ARLINGTON, Tex. Texas Rangers right-hander Yoshinori Tateyama came to the United States for spring training knowing the basics of the English language.
Fastball translates in any language. So does curveball.
But not much else did for Tateyama, who was added to the Rangers' postseason roster for the American League Championship Series for a team that can wrap up a World Series trip with a victory in Game 6 Saturday night.
Tateyama, 35, has been his rookie year in the major leagues changing that. Tateyama has given himself a crash course in the English language. He's done it without books or tapes.
Instead, he's relied on studying the way his teammates talk and learning from them.
He's gotten good enough that he can conduct interviews in English, something that would have been impossible when he showed up at spring training in Surprise, Ariz., in February.

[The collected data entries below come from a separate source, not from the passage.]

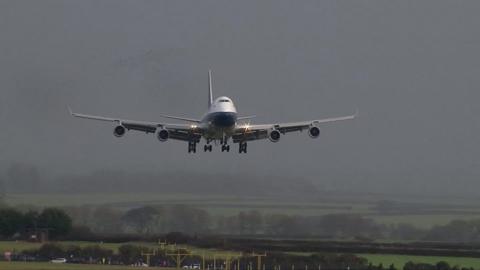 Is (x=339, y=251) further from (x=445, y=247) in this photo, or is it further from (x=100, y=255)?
(x=100, y=255)

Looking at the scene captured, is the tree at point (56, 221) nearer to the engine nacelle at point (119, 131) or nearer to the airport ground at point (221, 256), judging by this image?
the airport ground at point (221, 256)

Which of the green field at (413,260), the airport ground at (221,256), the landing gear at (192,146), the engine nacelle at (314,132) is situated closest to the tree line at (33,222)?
the airport ground at (221,256)

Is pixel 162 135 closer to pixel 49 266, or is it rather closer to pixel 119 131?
pixel 119 131

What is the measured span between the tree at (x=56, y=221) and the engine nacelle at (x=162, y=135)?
1202cm

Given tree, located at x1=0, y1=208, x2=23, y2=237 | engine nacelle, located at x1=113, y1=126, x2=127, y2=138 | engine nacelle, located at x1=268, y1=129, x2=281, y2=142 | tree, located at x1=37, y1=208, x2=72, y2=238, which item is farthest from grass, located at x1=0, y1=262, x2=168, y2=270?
engine nacelle, located at x1=268, y1=129, x2=281, y2=142

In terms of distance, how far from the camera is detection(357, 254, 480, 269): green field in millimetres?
146375

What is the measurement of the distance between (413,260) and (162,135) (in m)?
27.8

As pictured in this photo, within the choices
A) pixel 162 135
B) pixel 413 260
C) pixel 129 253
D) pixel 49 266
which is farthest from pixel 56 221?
pixel 413 260

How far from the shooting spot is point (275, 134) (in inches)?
6176

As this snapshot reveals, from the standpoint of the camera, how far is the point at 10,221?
161 meters

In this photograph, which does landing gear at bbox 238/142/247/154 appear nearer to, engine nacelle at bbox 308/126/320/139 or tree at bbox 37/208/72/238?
engine nacelle at bbox 308/126/320/139

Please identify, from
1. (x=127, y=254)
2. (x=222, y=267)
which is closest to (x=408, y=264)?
(x=222, y=267)

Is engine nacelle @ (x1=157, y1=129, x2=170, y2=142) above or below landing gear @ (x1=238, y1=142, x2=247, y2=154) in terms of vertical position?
above

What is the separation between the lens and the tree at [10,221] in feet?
529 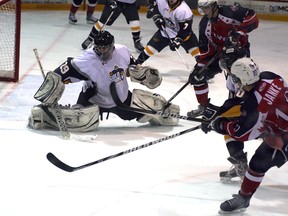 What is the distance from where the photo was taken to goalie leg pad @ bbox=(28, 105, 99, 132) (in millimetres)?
5117

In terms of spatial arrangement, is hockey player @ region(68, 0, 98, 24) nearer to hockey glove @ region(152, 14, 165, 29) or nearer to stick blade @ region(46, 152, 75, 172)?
hockey glove @ region(152, 14, 165, 29)

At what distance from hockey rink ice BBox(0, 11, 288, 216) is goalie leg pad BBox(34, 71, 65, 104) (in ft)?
0.73

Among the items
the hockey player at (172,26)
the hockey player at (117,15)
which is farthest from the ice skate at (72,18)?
the hockey player at (172,26)

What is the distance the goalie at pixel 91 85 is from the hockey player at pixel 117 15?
2196mm

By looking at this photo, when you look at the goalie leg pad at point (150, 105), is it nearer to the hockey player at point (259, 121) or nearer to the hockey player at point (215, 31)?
the hockey player at point (215, 31)

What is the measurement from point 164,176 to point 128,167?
0.24 m

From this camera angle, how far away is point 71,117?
5141 millimetres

"I wanted to be able to talk to my teammates," Tateyama said. "That's why I did this. I speak English so I can communicate with everybody in the clubhouse."
Tateyama didn't exactly reach the United States with no grasp of English. His wife Miyako lived in San Francisco for three years and tried to help him some. He spent the last couple of years of his career with the Hokkaido Nippon Ham Fighters driving the English-speaking players to the park, trying to pick up on some of the basics.

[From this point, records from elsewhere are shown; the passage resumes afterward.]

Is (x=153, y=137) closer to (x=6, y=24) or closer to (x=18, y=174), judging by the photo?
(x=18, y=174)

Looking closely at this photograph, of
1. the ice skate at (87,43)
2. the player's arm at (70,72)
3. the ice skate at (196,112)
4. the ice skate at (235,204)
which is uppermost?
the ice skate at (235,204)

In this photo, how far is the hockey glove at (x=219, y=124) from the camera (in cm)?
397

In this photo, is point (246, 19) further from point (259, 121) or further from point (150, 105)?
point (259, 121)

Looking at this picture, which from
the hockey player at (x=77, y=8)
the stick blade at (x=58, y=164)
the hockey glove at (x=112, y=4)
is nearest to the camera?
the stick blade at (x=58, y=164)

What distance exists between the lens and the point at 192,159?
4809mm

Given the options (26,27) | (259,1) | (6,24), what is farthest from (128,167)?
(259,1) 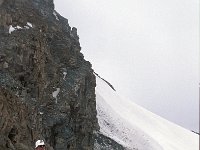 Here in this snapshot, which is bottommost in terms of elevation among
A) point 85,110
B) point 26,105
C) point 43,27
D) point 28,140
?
point 28,140

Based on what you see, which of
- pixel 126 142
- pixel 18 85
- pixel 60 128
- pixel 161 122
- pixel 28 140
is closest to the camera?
pixel 28 140

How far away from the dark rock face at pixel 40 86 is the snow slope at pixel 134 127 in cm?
1169

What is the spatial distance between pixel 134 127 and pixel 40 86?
36624mm

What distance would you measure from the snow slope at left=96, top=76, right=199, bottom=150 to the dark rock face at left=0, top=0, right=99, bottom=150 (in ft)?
38.3

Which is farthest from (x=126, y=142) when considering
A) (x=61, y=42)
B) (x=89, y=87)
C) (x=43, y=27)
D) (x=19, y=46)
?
(x=19, y=46)

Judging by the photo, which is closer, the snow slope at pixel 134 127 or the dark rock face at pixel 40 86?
the dark rock face at pixel 40 86

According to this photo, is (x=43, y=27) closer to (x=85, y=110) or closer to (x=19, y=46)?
(x=19, y=46)

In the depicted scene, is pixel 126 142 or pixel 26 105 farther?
pixel 126 142

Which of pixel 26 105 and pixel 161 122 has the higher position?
pixel 161 122

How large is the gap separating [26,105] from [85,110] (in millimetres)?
16322

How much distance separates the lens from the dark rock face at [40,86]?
37.3m

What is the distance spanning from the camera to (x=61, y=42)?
5778 centimetres

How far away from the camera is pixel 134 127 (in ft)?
261

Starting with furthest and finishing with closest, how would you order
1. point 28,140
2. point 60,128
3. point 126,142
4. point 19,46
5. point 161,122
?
point 161,122
point 126,142
point 60,128
point 19,46
point 28,140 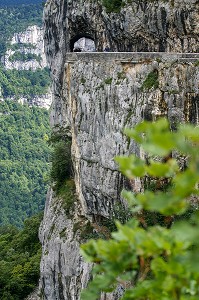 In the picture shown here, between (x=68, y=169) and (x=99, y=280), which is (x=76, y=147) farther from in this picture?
(x=99, y=280)

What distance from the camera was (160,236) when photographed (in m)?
3.82

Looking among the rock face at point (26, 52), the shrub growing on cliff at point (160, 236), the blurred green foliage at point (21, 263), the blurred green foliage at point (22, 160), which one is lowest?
the blurred green foliage at point (22, 160)

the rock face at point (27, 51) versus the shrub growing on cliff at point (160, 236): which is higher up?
the shrub growing on cliff at point (160, 236)

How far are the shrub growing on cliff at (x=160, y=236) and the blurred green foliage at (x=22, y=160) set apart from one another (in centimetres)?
8502

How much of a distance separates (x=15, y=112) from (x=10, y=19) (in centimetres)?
4866

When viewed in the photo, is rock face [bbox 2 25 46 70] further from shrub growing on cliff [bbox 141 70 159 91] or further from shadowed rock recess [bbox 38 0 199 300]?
shrub growing on cliff [bbox 141 70 159 91]

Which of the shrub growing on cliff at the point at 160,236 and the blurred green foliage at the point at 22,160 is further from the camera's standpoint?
the blurred green foliage at the point at 22,160

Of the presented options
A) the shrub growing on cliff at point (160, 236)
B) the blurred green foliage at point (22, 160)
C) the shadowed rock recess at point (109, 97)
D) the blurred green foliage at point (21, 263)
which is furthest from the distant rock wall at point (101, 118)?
the blurred green foliage at point (22, 160)

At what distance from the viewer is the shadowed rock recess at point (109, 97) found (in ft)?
63.1

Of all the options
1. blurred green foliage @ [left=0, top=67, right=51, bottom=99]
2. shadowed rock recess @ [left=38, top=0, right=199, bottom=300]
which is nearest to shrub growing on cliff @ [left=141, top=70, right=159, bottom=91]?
shadowed rock recess @ [left=38, top=0, right=199, bottom=300]

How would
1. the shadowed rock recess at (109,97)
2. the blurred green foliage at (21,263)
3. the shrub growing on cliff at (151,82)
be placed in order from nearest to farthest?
1. the shadowed rock recess at (109,97)
2. the shrub growing on cliff at (151,82)
3. the blurred green foliage at (21,263)

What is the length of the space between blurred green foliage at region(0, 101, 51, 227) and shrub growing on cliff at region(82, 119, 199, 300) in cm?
8502

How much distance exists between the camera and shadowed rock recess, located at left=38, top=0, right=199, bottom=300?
19234mm

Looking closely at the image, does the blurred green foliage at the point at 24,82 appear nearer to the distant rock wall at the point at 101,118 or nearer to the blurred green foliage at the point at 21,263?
→ the blurred green foliage at the point at 21,263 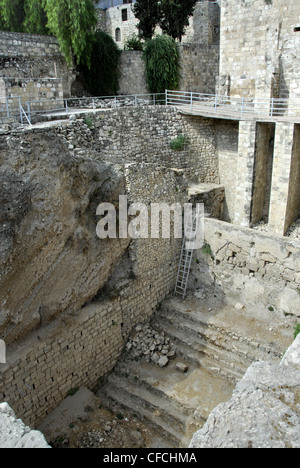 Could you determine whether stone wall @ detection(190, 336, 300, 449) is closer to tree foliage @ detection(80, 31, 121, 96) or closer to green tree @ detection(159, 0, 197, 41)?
tree foliage @ detection(80, 31, 121, 96)

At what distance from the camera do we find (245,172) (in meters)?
12.7

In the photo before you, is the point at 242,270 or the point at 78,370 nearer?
the point at 78,370

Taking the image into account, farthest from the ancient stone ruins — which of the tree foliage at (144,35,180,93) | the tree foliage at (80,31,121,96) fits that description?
the tree foliage at (144,35,180,93)

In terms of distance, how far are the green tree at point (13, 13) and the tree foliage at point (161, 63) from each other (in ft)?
17.1

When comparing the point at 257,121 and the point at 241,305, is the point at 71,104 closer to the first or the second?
the point at 257,121

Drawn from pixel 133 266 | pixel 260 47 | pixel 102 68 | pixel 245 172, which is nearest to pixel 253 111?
pixel 260 47

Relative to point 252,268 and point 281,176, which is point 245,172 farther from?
point 252,268

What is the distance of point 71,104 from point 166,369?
9191mm

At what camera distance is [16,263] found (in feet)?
24.8

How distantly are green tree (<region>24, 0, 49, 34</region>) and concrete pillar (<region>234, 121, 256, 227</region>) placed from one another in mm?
8596

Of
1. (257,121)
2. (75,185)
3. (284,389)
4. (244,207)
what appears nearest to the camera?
(284,389)

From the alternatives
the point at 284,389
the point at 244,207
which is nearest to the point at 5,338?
the point at 284,389

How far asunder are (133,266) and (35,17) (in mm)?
10991

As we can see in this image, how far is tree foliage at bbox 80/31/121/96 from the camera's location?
48.3 ft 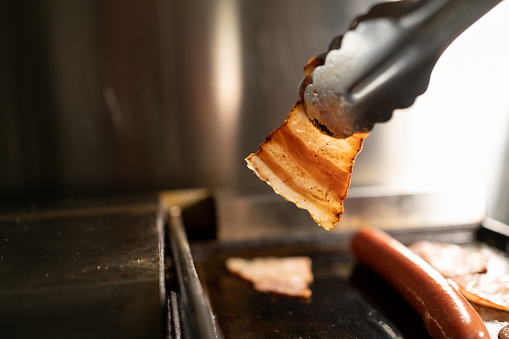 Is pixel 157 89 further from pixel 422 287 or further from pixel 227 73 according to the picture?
pixel 422 287

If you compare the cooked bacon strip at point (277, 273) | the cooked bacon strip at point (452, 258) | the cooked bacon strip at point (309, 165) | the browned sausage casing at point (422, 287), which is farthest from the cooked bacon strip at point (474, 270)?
the cooked bacon strip at point (309, 165)

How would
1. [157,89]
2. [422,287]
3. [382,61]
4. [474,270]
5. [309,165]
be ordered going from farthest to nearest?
[157,89]
[474,270]
[422,287]
[309,165]
[382,61]

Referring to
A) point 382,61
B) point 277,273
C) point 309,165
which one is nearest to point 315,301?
point 277,273

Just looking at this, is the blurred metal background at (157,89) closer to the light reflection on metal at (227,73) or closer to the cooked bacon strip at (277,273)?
the light reflection on metal at (227,73)

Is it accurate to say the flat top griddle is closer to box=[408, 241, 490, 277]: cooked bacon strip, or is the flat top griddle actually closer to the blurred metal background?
box=[408, 241, 490, 277]: cooked bacon strip

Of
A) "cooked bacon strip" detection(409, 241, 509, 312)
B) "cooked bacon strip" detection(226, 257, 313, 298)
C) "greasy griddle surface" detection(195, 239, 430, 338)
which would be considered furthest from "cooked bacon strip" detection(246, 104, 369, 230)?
"cooked bacon strip" detection(409, 241, 509, 312)

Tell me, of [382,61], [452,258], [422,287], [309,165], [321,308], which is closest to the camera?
[382,61] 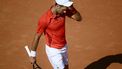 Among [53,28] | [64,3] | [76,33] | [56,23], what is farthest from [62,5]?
[76,33]

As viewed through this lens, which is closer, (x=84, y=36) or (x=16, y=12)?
(x=84, y=36)

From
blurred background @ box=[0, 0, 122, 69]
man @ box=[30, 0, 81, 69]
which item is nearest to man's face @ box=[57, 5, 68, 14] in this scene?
man @ box=[30, 0, 81, 69]

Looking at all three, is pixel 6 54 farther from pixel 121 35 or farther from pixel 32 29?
pixel 121 35

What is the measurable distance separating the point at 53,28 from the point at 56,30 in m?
0.09

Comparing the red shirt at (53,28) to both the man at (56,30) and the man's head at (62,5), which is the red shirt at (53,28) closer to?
the man at (56,30)

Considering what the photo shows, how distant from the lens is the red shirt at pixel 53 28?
5.78 metres

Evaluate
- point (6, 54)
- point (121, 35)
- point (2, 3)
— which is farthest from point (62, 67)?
point (2, 3)

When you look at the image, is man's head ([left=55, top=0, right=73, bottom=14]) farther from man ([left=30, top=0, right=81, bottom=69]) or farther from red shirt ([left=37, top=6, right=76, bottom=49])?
red shirt ([left=37, top=6, right=76, bottom=49])

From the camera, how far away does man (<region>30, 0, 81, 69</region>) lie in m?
5.77

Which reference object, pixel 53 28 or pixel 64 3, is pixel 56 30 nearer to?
pixel 53 28

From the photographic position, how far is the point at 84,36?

His sink-or-swim moment though came with the Rangers. When he was in spring training, he had translator Hajime Watabe to help him with interviews and when coaches had questions for Tateyama.
That came to an end though when Tateyama didn't make the club out of spring training. Instead he headed to the club's Triple A-affiliate Round Rock without any help on the language front.

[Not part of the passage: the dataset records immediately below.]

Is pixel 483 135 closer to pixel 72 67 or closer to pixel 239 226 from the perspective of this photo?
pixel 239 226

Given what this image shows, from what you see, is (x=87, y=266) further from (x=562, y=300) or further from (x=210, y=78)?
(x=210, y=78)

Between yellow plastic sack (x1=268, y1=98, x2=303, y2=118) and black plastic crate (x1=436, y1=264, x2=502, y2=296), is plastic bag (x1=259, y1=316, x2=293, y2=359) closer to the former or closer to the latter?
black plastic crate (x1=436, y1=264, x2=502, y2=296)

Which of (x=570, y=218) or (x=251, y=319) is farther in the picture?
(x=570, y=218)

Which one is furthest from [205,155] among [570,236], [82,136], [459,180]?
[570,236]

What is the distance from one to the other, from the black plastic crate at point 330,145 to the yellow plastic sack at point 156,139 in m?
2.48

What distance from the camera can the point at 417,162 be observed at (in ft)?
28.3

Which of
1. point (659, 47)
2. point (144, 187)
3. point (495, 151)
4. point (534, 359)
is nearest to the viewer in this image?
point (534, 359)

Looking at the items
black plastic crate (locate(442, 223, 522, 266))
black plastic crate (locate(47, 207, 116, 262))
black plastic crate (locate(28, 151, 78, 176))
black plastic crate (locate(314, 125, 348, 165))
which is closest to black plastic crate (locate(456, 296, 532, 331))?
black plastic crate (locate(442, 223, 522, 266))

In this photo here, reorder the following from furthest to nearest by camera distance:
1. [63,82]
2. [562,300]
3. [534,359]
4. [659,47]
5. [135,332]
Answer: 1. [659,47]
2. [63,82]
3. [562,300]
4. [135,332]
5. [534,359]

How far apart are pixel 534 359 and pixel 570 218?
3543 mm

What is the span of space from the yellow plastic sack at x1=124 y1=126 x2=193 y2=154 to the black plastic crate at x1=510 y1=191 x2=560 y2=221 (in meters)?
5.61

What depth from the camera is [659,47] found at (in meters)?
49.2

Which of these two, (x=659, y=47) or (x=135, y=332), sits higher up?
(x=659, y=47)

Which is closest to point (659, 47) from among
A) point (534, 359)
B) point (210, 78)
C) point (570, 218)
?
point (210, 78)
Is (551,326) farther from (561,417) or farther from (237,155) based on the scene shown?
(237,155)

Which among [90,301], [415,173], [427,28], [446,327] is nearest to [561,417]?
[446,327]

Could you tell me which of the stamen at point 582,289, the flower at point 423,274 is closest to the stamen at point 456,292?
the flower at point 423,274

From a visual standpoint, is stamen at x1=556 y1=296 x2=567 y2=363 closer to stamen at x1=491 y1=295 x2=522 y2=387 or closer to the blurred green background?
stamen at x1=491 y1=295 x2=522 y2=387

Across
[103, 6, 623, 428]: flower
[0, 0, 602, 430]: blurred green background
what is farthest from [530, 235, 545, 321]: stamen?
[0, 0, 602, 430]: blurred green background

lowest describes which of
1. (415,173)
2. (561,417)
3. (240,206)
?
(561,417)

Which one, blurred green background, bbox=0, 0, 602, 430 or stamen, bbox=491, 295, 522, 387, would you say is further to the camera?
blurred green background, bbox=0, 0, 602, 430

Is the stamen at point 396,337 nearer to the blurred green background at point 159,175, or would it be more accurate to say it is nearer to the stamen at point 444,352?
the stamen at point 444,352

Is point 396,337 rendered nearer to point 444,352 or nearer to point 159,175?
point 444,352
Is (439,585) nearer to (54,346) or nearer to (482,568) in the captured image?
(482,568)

Working as a reliever, Tateyama tried to pick up on how the other relievers talked. He would also try to ask questions. Some of the words came a lot easier than others.
"Slang," Tateyama said. "The other stuff was very hard. I studied every day when I was in Round Rock."
Once he was recalled in May, he had a translator again but still tried to soak up as much as he could from his Texas teammates.
"A lot of it has been him listening to us," said reliever Mark Lowe, who isn't on the ALCS roster because of a left hamstring strain. "He's definitely eager to learn. He'll ask me about certain ways to say a word. When he says something the wrong way, he wants to know how to do it right. From spring training to now, it's very impressive. There's no way I could do what he's done. It just shows how much he cares and how much he wants to learn."
As much as he wants to learn English, Tateyama also wants to be a successful major leaguer. He was through June and July but struggled in September. He became just the second big leaguer to ever give up grand slams to consecutive batters.
After allowing the second one, Tateyama did his interview in Japanese with the help of a translator. But when the translator was preparing to ask the question about what was wrong with Tateyama, he was already answering in perfect English. "The control's no good," he said.
Tateyama wore down in September and didn't earn a spot on the American League Division Series roster. He made his ALCS debut In Tuesday's 5-2 loss in Game 2, retiring two of the three batters he faced.
While Tateyama's ability got him to this point, he thinks learning to speak English has also helped. He gives a lot of credit to his teammates for that.
"It's helped just talking with people," he said. "Mark Lowe. Harry (Matt Harrison). They teach me English. They teach me slang. It's made it easier for me to do my job."